We are in the middle of a decade when we expect the NHS to cope with substantially increased demand and service expectations on an annual budget increase of roughly 1% a year in real terms for 10 years. Before this decade, successive Governments provided the NHS with a real-terms annual increase averaging 3% to 4%. It is virtually impossible, I suggest, to retain a good-quality labour force, meet rising demands, improve quality, and redesign service delivery on a 1% annual real-terms increase for a whole decade, ending up with 7% of GDP, roughly, being spent on our NHS.

By 2020, the combined health and care system will face a funding gap, I would suggest, of some £35 billion a year, with the 2015 spending review closing that gap, on the most favourable interpretation, by about £10 billion. The rest of the money comes from our old friends: pay restraint, new ways of working, and better productivity. I accept that the NHS could use its existing resources much better but, even if the NHS delivered all the proposals of the noble Lord, Lord Carter of Coles—a very big “if”—it would not close the funding gap. The 2015 spending review totally fails to deliver a credible funding strategy and actually makes a bad situation worse by failing to provide any kind of viable funding system for publicly funded adult social care or public health. The NHS and social care are confronted not with a managerial or professional failure but with a failure by politicians across the political spectrum to engage with the public on how we fund a sustainable, integrated health and social care system over the longer term.
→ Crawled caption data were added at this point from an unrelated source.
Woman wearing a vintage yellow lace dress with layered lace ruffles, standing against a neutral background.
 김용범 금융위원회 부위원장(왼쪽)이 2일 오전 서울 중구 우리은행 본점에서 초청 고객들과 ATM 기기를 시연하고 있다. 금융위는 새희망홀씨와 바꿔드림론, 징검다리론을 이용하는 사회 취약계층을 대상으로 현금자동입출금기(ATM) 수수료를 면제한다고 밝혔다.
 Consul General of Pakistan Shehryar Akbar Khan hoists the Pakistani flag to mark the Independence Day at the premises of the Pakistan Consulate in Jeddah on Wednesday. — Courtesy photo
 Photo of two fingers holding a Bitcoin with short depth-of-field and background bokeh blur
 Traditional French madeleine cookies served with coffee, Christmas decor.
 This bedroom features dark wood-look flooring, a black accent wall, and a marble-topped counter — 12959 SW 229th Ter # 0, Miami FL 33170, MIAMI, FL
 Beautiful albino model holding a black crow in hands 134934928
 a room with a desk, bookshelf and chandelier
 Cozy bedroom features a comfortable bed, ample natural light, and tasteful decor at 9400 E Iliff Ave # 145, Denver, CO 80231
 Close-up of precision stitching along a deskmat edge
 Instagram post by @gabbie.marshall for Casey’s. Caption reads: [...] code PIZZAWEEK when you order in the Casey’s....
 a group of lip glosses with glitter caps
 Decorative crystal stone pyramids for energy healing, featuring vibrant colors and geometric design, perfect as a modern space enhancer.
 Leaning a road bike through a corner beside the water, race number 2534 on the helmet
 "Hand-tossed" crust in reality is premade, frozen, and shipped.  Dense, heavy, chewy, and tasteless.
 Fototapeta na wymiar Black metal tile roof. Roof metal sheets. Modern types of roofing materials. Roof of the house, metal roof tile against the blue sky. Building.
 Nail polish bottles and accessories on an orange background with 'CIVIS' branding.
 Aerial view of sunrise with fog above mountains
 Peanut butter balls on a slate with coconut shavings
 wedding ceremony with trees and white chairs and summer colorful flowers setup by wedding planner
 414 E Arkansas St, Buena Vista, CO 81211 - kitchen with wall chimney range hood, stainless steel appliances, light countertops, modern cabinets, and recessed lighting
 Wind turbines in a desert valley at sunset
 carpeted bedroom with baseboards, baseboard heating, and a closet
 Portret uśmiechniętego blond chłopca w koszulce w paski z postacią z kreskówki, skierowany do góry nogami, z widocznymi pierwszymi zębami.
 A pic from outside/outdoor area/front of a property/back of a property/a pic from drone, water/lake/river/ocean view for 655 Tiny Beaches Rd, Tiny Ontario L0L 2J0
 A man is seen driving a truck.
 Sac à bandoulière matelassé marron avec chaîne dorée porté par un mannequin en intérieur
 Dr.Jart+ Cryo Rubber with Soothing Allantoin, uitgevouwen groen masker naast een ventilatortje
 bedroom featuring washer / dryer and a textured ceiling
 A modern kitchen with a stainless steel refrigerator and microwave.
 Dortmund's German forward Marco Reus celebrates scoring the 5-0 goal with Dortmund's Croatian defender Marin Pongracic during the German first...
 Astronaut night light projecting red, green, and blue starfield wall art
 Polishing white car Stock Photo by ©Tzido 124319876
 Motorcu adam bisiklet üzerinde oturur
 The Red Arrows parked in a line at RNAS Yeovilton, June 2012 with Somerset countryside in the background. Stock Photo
To have good-quality and readily accessible health and care services, largely free at the point of clinical need, the public have to be helped to understand that they must pay for them, whether through more taxation, some form of co-payment, or a combination of the two. To get to grips with this rather politically unpalatable truth, we need an authoritative, independent inquiry that will work quickly to examine the possible options for new funding streams to provide some buoyancy and future-proofing. The Front Benches in both Houses need to get behind the ideas of either the noble Lord, Lord Fowler, or the Liberal Democrats, outlined by Norman Lamb in his 10-minute rule Bill. We need to start acting now to future-proof the NHS’s funding.

Residential Care: Cost Cap

Lord Warner Excerpts
Thursday 10th December 2015

(8 years, 5 months ago)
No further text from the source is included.